> **What the exercise asks**: Given these entries, repeat exactly the lines starting with the one that has "For sale land in Thalang, Phuket" and going on through the one that has "Cover: 9781782627302 |", both included, but none of the pictures.

> **Available records**:
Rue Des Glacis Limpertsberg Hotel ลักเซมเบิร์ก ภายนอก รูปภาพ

--

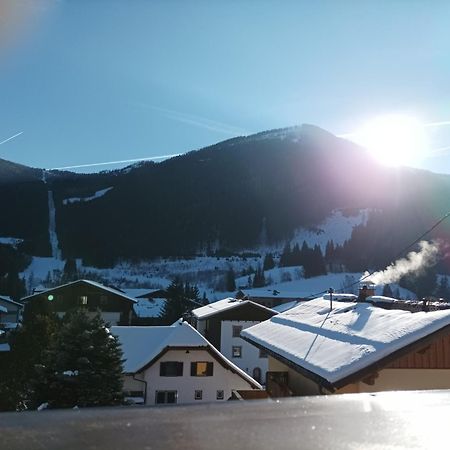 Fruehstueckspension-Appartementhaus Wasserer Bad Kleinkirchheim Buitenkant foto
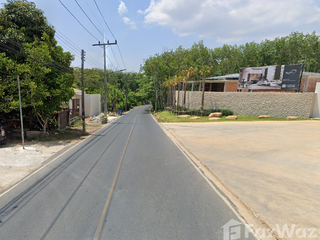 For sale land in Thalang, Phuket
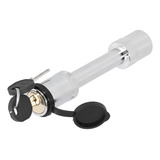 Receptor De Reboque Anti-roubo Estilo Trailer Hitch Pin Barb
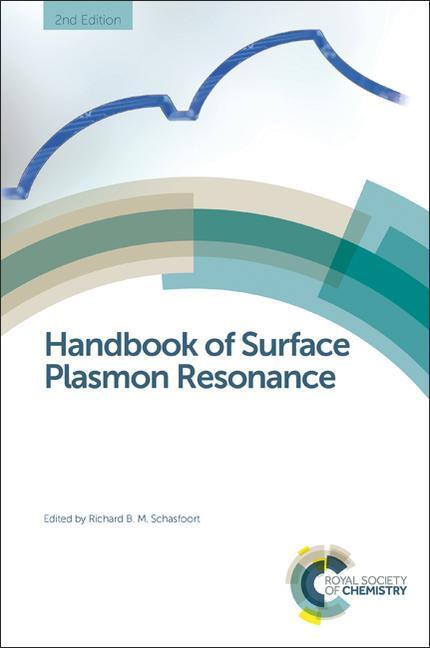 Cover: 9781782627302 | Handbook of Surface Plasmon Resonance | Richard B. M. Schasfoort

--

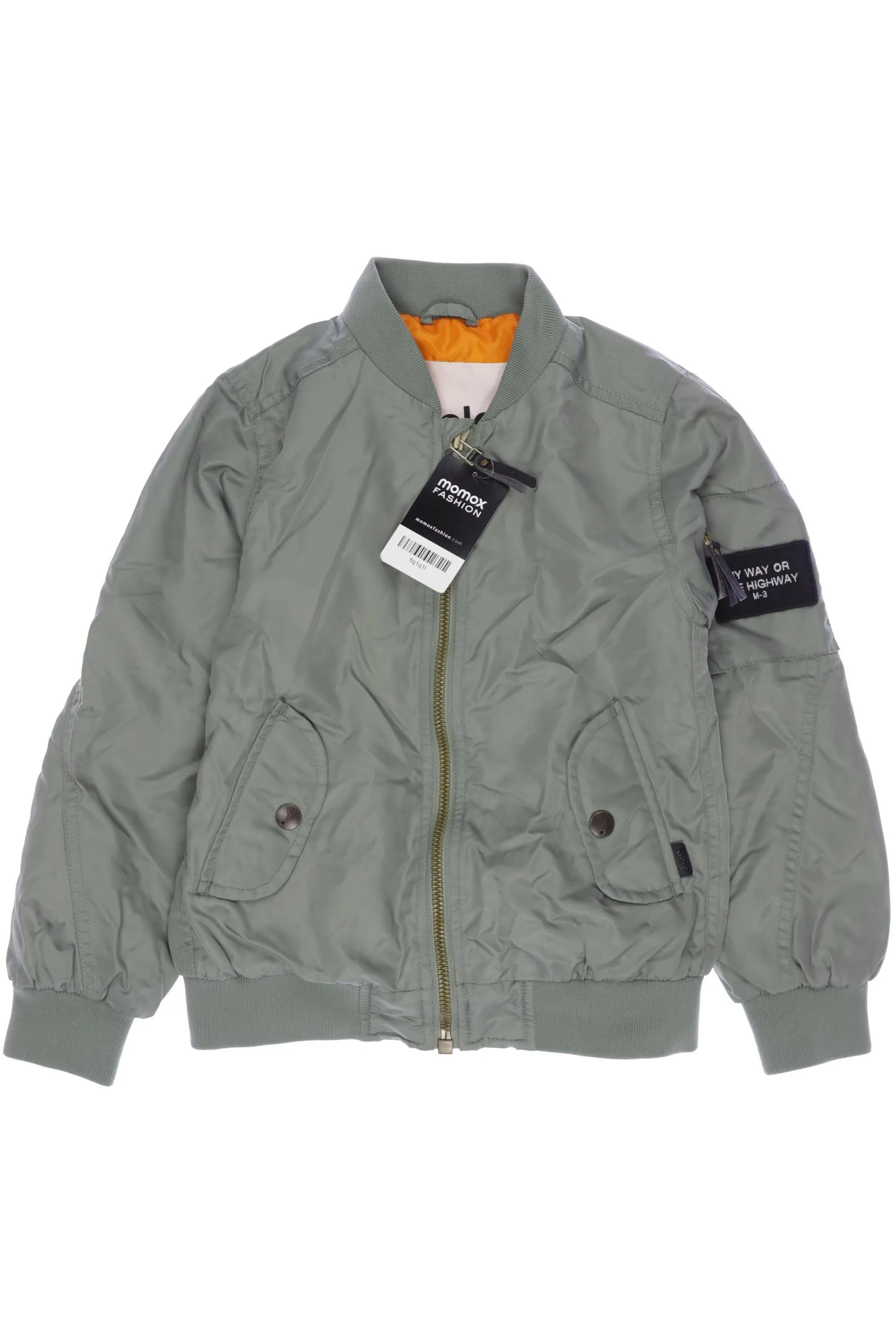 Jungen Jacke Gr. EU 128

> **Response below**:
 For sale land in Thalang, Phuket
 Receptor De Reboque Anti-roubo Estilo Trailer Hitch Pin Barb
 Cover: 9781782627302 | Handbook of Surface Plasmon Resonance | Richard B. M. Schasfoort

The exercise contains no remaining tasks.